Date: Saturday, November 16, 2024

Title: SpA Including PsA – Diagnosis, Manifestations, & Outcomes Poster I

Session Type: Poster Session A

Session Time: 10:30AM-12:30PM

Background/Purpose: Diagnostic delay (DD) in spondyloarthritis (SpA) is well documented, but most of the available data are reported in patients with axial SpA (axSpA). In this ancillary analysis from the international ASAS-PerSpA study, we aimed to estimate the DD across all SpA entities, considering the inaugural disease manifestation, and evaluate the factors associated with DD.

Methods: This is an ancillary analysis of the ASAS-PerSpA study, based on 4,339 patients diagnosed by their rheumatologists with any SpA entity (axSpA, peripheral SpA (pSpA), inflammatory bowel diseases associated SpA (IBD-SpA), reactive arthritis (ReA), Juvenile SpA (Juv) also including psoriatic arthritis (PsA).
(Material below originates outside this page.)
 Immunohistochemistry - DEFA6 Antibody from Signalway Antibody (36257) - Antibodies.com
The first disease manifestation was identified across SpA entities and classified as axial, peripheral (arthritis, enthesitis, or dactylitis), and extra-musculoskeletal (EMM). In addition, the time lag between EMM and musculoskeletal manifestation (MM) was calculated. The DD was estimated using two definitions (definition 1, including the EMM as an accepted inaugural manifestation, and definition 2, considering the first MM as the onset of the rheumatic disease). DD was compared across disease entities using the Kruskal-Wallis test. Factors associated with DD, using definition 2, were evaluated using 4 multivariable linear regression models (axSpA, PsA, pSpA, and IBD-SpA, respectively).
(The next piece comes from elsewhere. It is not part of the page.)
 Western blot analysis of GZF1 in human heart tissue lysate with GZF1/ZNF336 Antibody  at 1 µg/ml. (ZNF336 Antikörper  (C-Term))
Results: The analysis included 2622 patients with axSpA, 1016 with PsA, 424 with pSpA, 110 with IBD-SpA, and 167 others, mean age 44.4 years (±13.9), 60.9% females. The first disease manifestation was the axial MM in axSpA (83%), peripheral MM in pSpA (63%) and others (70%), EMM in PsA (psoriasis 72% followed by peripheral MM 31%) and IBD-SpA (IBD 63%, followed by axial MM 32%). The average time lag between psoriasis and PsA was -6.0 years (± 11.2), and IBD and IBD-SpA -0.8 years (± 9.4)) (Figure 1).

The mean global DD was longer (6.6 years ± 8.6) while using definition 1 compared to definition 2 (4.5 years ±7.0) (Figure 2). Based on definition 2, the DD was significantly longer for axSpA and IBD-SpA -where the first MM was axial, compared to PsA, pSpA, and other forms -where the first MM was peripheral. Factors associated with DD varied across the SpA entities, with the type of first manifestation (i.e., longer with axial, shorter with peripheral MM), age at first symptom (younger), age at study inclusion (older) being associated with all 4 main SpA entities (Figure 3).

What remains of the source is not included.